Word for word, reproduce the records, keeping none of the pictures.

########

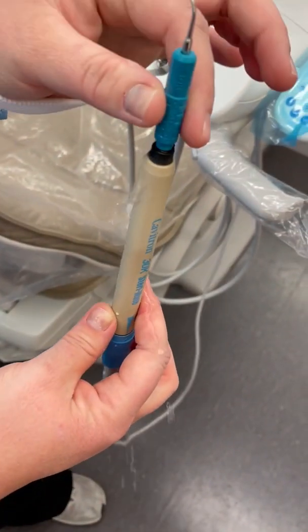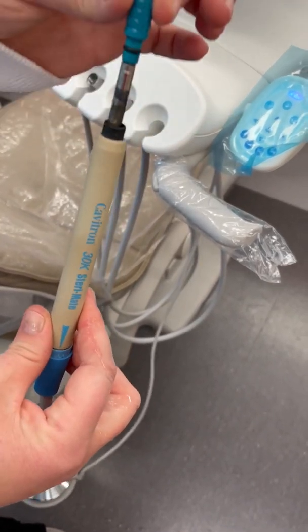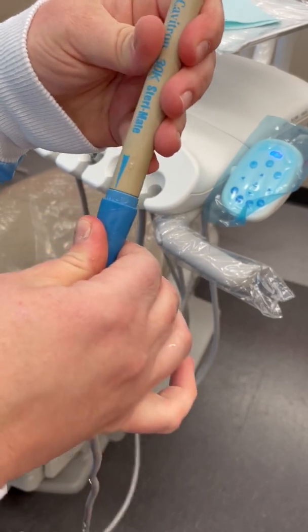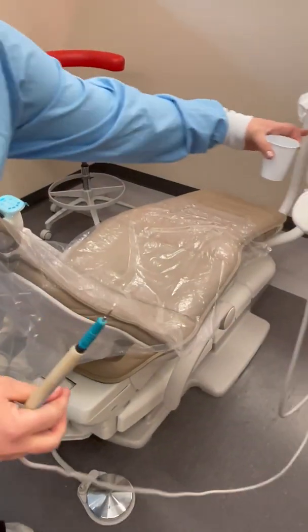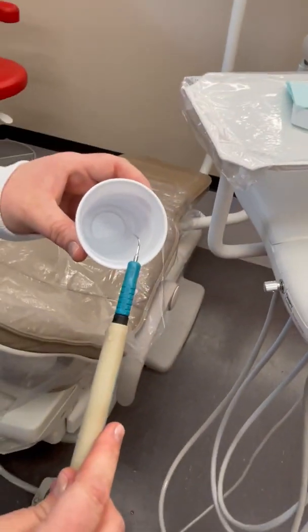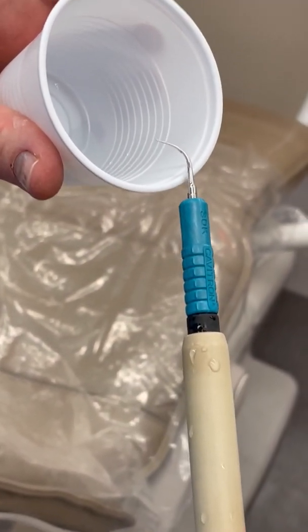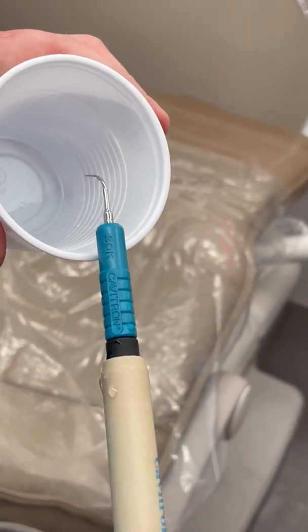Now the water is at the top. You can slip that in there as long as it lubricates this O-ring right here. Turn the water mostly down. The power is all the way down. Give it a pedal — you see it on there, nothing's happening.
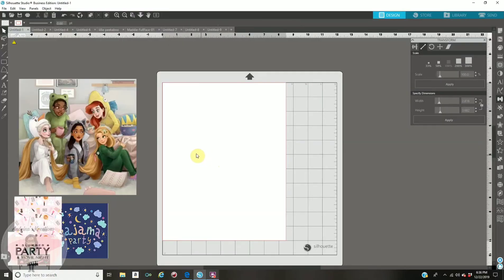First thing you're going to do is open up your Silhouette Studio. If you don't have Silhouette Studio, you can download the basic edition for free at Silhouette America. You do not need the machine to use the software — you can just design on here, print, and cut it out by hand.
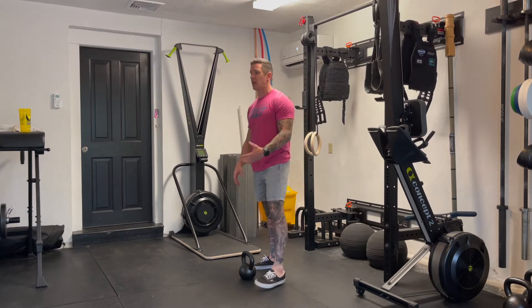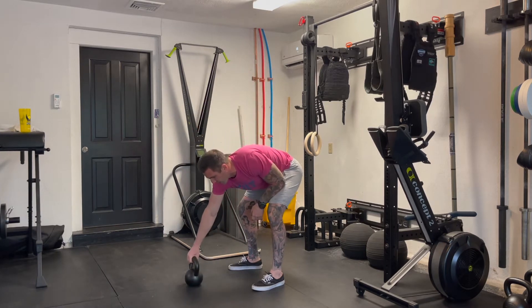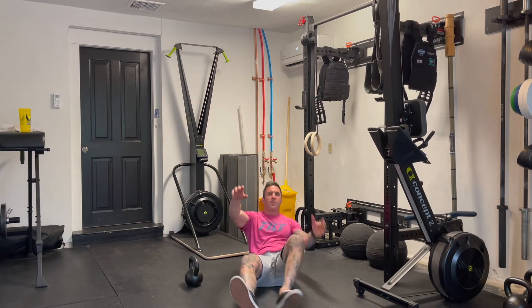For the kettlebell swing today, we're looking for the standard American swing — hips come back, squeeze the glutes, squeeze the quads, finish with that bell up and overhead. For the box jump, two-foot takeoff, two-foot landing, standing all the way up at the top.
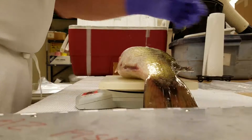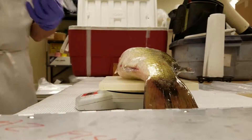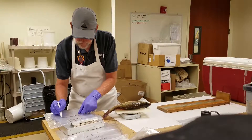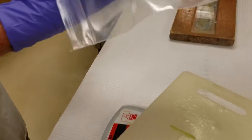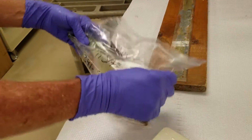We weigh and measure them here and we compare them to all of the other fish in the state of that species, and we get their condition factor. Once we have the fish all weighed and measured, they get bagged up.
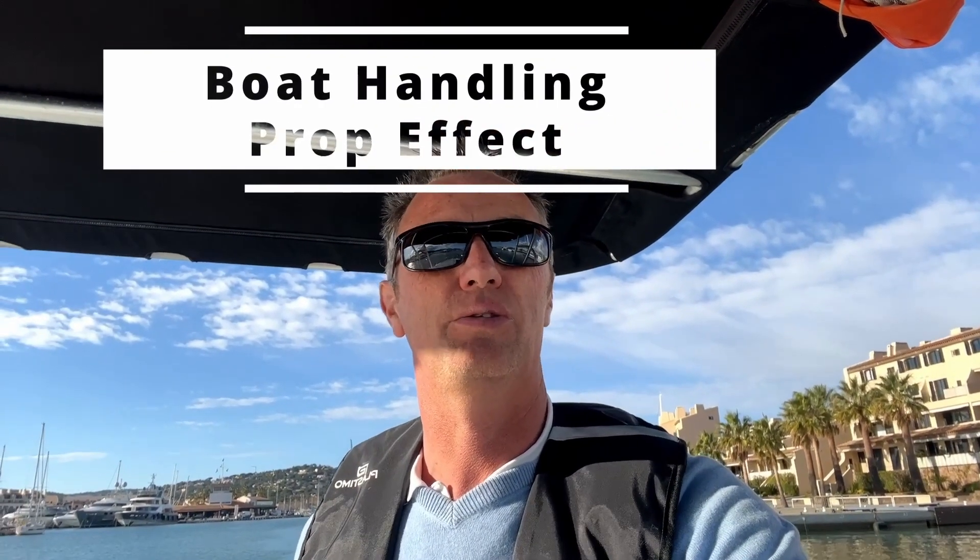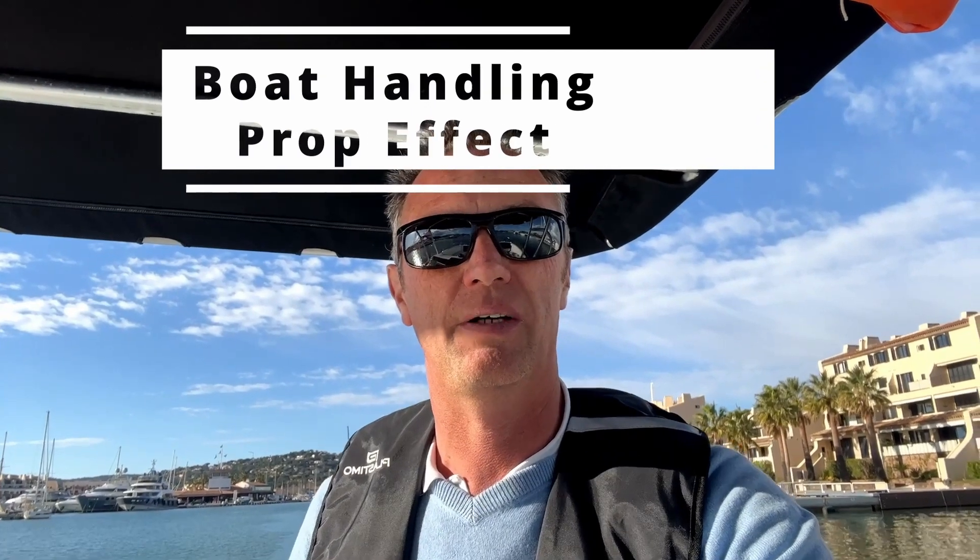Hi, my name is Christoph. I would like to welcome you all back to our channel. If this is new for you, don't forget to hit the bell and subscribe button and you will be notified as soon as we've got a new video coming out. Today I'm going to talk to you about the prop effect.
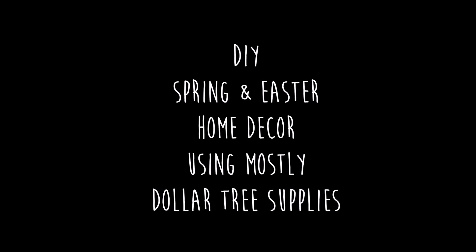Today we're going to be working on DIY spring and Easter home decor using mostly Dollar Tree supplies. So let's get started.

########

→ ANSWER AREA:
Now the water is at the top. You can slip that in there as long as it lubricates this O-ring right here. Turn the water mostly down. The power is all the way down. Give it a pedal — you see it on there, nothing's happening.
First thing you're going to do is open up your Silhouette Studio. If you don't have Silhouette Studio, you can download the basic edition for free at Silhouette America. You do not need the machine to use the software — you can just design on here, print, and cut it out by hand.
For the kettlebell swing today, we're looking for the standard American swing — hips come back, squeeze the glutes, squeeze the quads, finish with that bell up and overhead. For the box jump, two-foot takeoff, two-foot landing, standing all the way up at the top.
We weigh and measure them here and we compare them to all of the other fish in the state of that species, and we get their condition factor. Once we have the fish all weighed and measured, they get bagged up.
Hi, my name is Christoph. I would like to welcome you all back to our channel. If this is new for you, don't forget to hit the bell and subscribe button and you will be notified as soon as we've got a new video coming out. Today I'm going to talk to you about the prop effect.
Today we're going to be working on DIY spring and Easter home decor using mostly Dollar Tree supplies. So let's get started.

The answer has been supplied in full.